To quote investor Warren Buffet: “The first rule of investing is don’t lose money; the second rule is don’t forget Rule #1.” This statement reinforces the fact that preservation of wealth remains the number one priority for most investors. Many investors’ greatest fear is that as they approach retirement, investment losses will delay their ability to retire or will impact their standard of living. But, what events most negatively impact an individuals’ preservation of wealth? The most significant risks occur during bear markets.
Most investors will concede that a difficult part of managing an investment portfolio is identifying the formation of a major market top before it is too late, such as occurred in October 2007. This is undoubtedly due to the universal enthusiasm for stocks, and the generally positive economic news that dominates at such times.
The period leading up to a major market top can be likened to the transition from autumn to winter. In autumn the leaves begin to fall very gradually. At first, leaves begin to fall one at a time and almost without notice, until the trees are eventually bare at the onset of winter. It is no different with the stock market; individual stocks begin to roll over into their own Bear markets one at a time. This transition usually begins with small and mid-cap stocks until eventually the large stocks are impacted too. The warning signs of this gradual erosion are present for those willing and able to see them.
It is easy to look at history and identify when bull and bear markets occurred. Nonetheless, it is very difficult to look forward in real-time and identify when a bull market transitions into a bear market. It is not surprising that a large number of studies and work focus on how to generate the highest returns, but what tools does an investor have to guard against significant losses in a bear market? It is important to take a step back and remember that the stock market is driven by the interaction between Buyers and Sellers. As a bull market approaches maturity buying enthusiasm begins to fade and the desire to sell begins to expand.
Understanding the forces of Supply and Demand is a critical component in evaluating the stock market and the gradual erosion that appears in advance of bear markets. As the major market price indexes such as the S&P 500 or Dow Jones Industrial Average continue to move to new highs, most investors are unaware of the actions of Buyers and Sellers as prices become extended and subtle signs of weakness begin to appear.

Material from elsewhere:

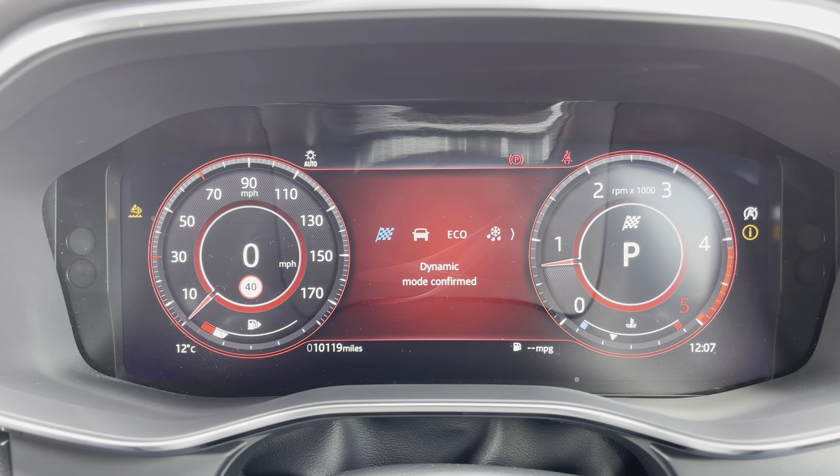This has been a presentation of the Jaguar F-Pace R-Dynamic SE, which is now available to view and test drive at our dealership, along with a range of flexible finance options. To find out more, contact our friendly sales team today on 01270 864 386, or alternatively follow the link in the description below. Many thanks for watching - we look forward to helping you find your next Jaguar.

At “LWS”, one of several tools we employ to measure the forces of Supply and Demand is the Point and Figure Chart (see Addendum A and B). While company fundamentals may influence investors to buy or sell an individual stock, it is difficult to identify, out of thousands of other possibilities, what predominant factors are influencing millions of investors to fuel an entire bull market. But the Law of Supply and Demand infers that the reason why investors buy or sell is unimportant. It is the dominance of buyers over sellers or sellers over buyers, which is vital to determining the trends of the stock market. Therefore, it is important to conduct a top down analysis of the composite activities of buyers vs. sellers and measure the resultant forces of Supply and Demand. The study of Supply versus Demand is, therefore, at the core of our investment process for when it is time to buy and for when it is time to sell.